Ora, foi milagre a pequenita ouvire e falare. Foi milagre a giesta florida naquele tempo--naquele tempo não há nenhuma florida. Foi também milagre a imagem saire e estar no mesmo sítio, não é?
Pois três vezes levcaram a imagem prà igreja e três vezes se repetiu a mesma cena.
E antão a pastorita também dizem que tinha sede e ali se fez um nascente ao pé da giesta. Que não havia antes. E então as pessoas viram que Nossa Senhora, que era mesmo verdade o que ela tinha dito à Hélia Prista.
Mas a menina não estava baptizada. E então Nossa Senhora disse-l'aquele dia:
--Tu hoje ficas baptizada. E o teu nome d'hoje em diante é Maria Luzia--trocou-lhe o nome. --É Maria Luzia.
E depois fizeram então ali uma ermida qu'inda lá está, qu'é a igreja do Monte.
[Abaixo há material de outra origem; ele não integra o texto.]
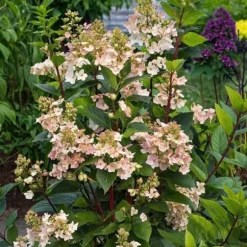 Hortensia - Sæt 2 - Hydrangea paniculata 'Early Harry' - Højde 25-40cm - ⌀19cm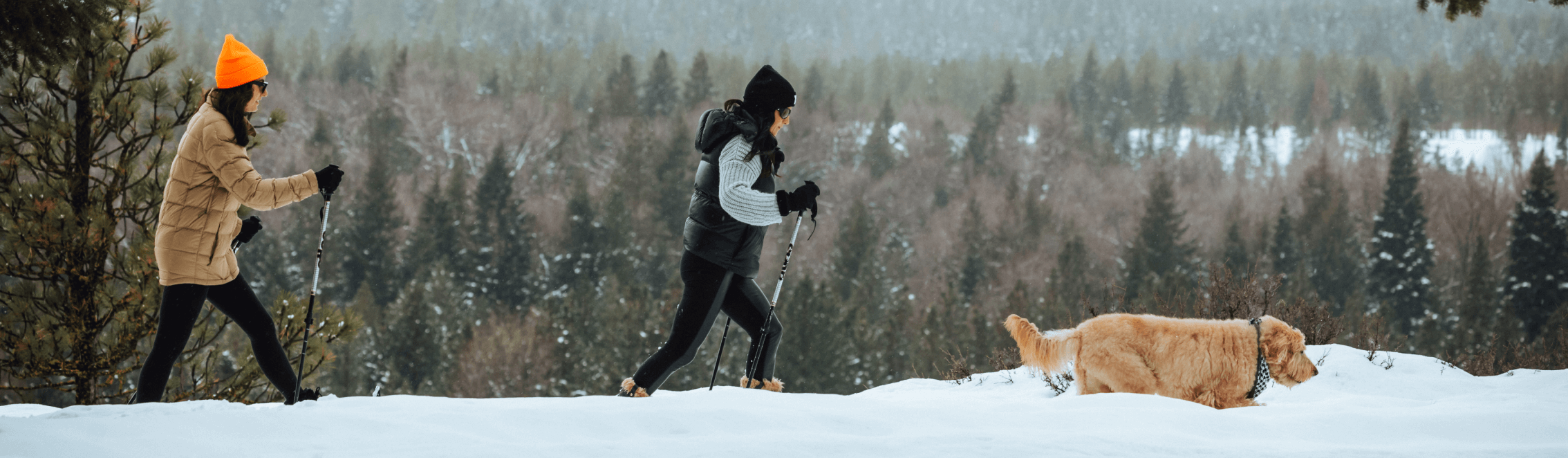 Two people in winter clothing and a dog walking through a snowy landscape with trees in the background.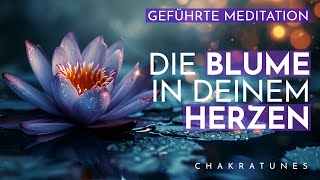 Finde Frieden & Liebe in Dir: Geführte Meditation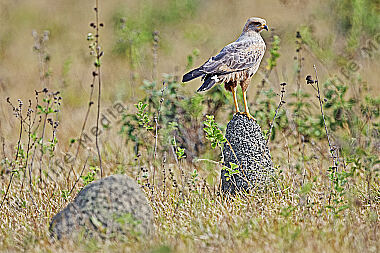 Savannenbussard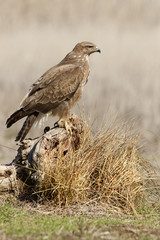 Common buzzard. Buteo buteo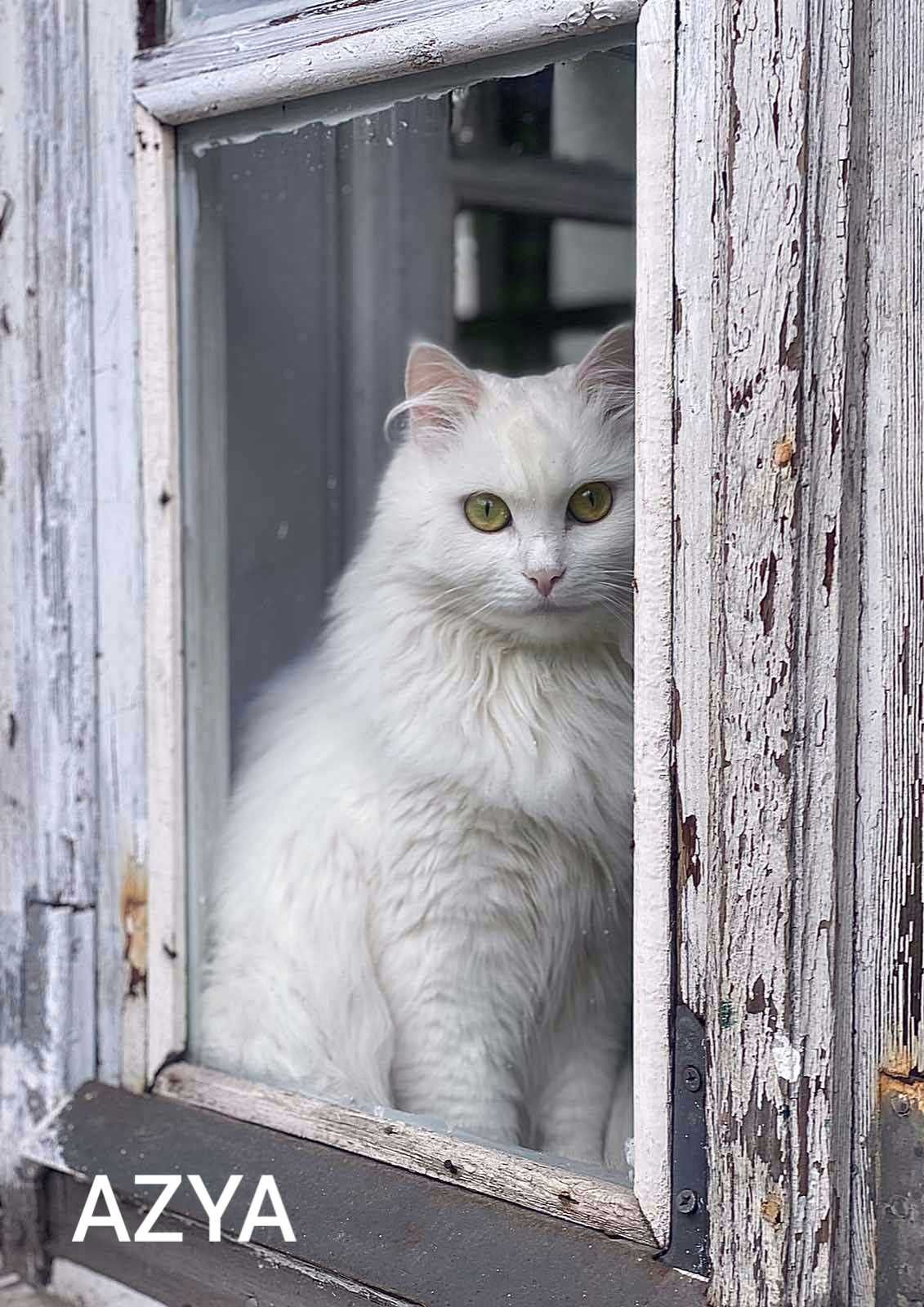 Długowłosa angora szuka domu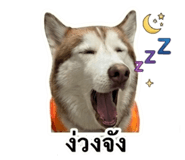 858343013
Fizeram antão a grande ermida em menos de seis meses. Toda a gente a trabalhar, homens e mulheres. E ficaram todos muito admirados, porque a ermida é muito grande. E é em pedra canteria. E as pessoas todas diziam que se não fosse por um impulso divino qu'era impossível serem tão unidos e fazerem aquilo em seis meses, porque não havia meios pra isso. E ainda lá está a história de Duas Igrejas. Lá está a ermida e a história na parede, porque ficou sempr'aquilo por escrito.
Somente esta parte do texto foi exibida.